Cortical and trabecular bone are vascularized, and bone cells are exposed to lipoproteins from the circulation. Our findings indicate that lipids are present in the perivascular space of the Haversian canals in osteoporotic cortical bone. The faintly positive staining in osteocytes may be related to the need for the fat-soluble vitamins D and K in bone metabolism.13 In hyperlipidemic conditions, the lipoproteins may accumulate and undergo oxidation in the same subendothelial perivascular space of bone remodeling units as they do in arteries.
In the present study, the degree of hyperlipidemia correlated with the degree of osteoclastic functional activity in the marrow and correlated less well with TRAP staining and quantitative activity in the younger mice. This may be caused by either the number of subjects being too few to reach significance or the lipids acting primarily on osteoclastic enzymes other than TRAP. The variation in baseline values for resorption pits between experiments may be caused by differences in reagent lots, assay techniques, or inter-animal differences.

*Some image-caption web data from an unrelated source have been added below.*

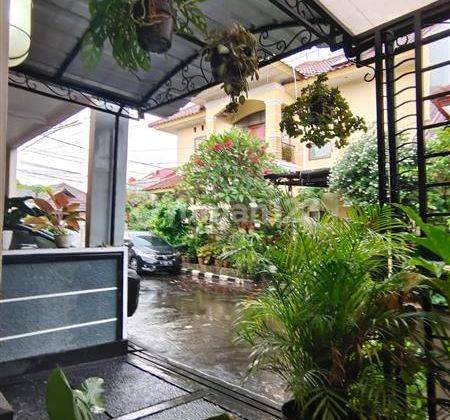 Rumah Asri 1,5 Lantai Bagus Dekat Jalan Raya Condet,jakarta Timur 2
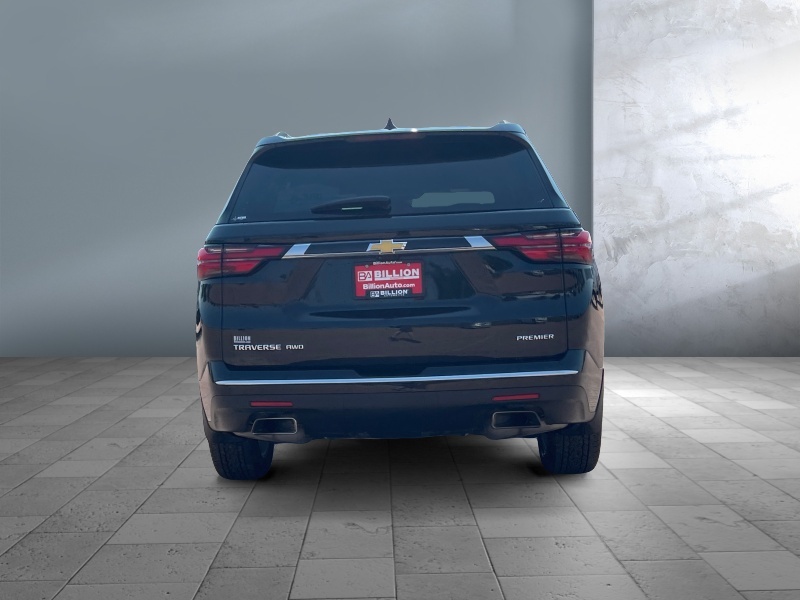 2023 Chevrolet Traverse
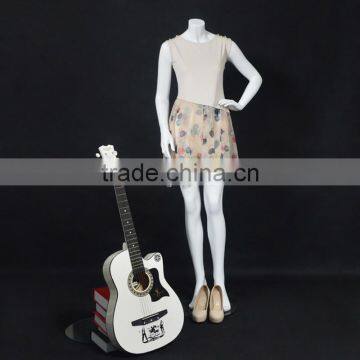 Fashion Fiberglass Sexy Female Headless Mannequin for Window Display photo-2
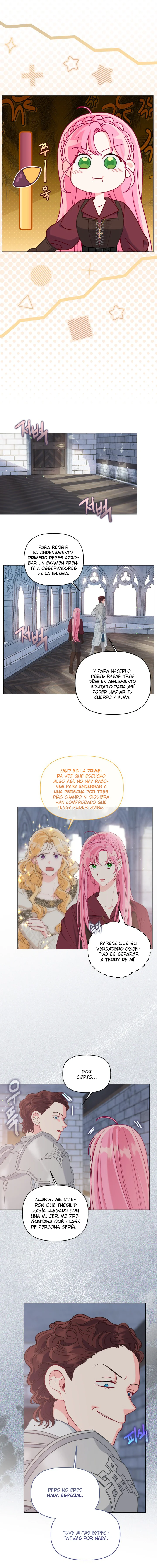 El privilegio de una Transmigrante Capítulo 81 - Page 4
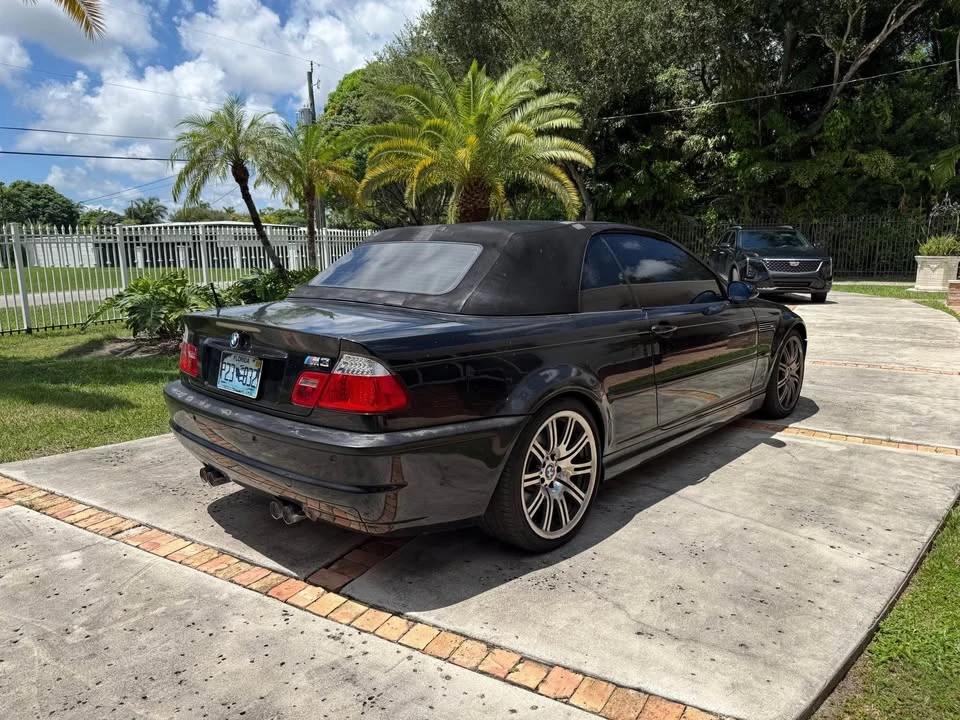 2002 BMW E46 M3 - Image 4 of 11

The correlation between lipid levels and parameters of osteoclast activity were assessed using Spearman correlation analysis, a method based on ranking of the values of the 2 parameters. We also tested linear, exponential, and logarithmic models for closeness of fit to the data. All 3 models provided good correlations, but no single model was consistently the best. Therefore, we chose the nonparametric, rank-based method for all the correlations to allow comparison without having to assume normal distributions for the parameters. Interestingly, a threshold effect at 250 to 300 mg/dL cholesterol is suggested (Figure 2). In C57Bl/6 mice, the diet had little effect on cholesterol level, and the osteoclast parameters were not significantly affected. In the LDL-/- mice, the diet did increase cholesterol level significantly but still had little effect on osteoclast parameters, further supporting the threshold effect (Table 1).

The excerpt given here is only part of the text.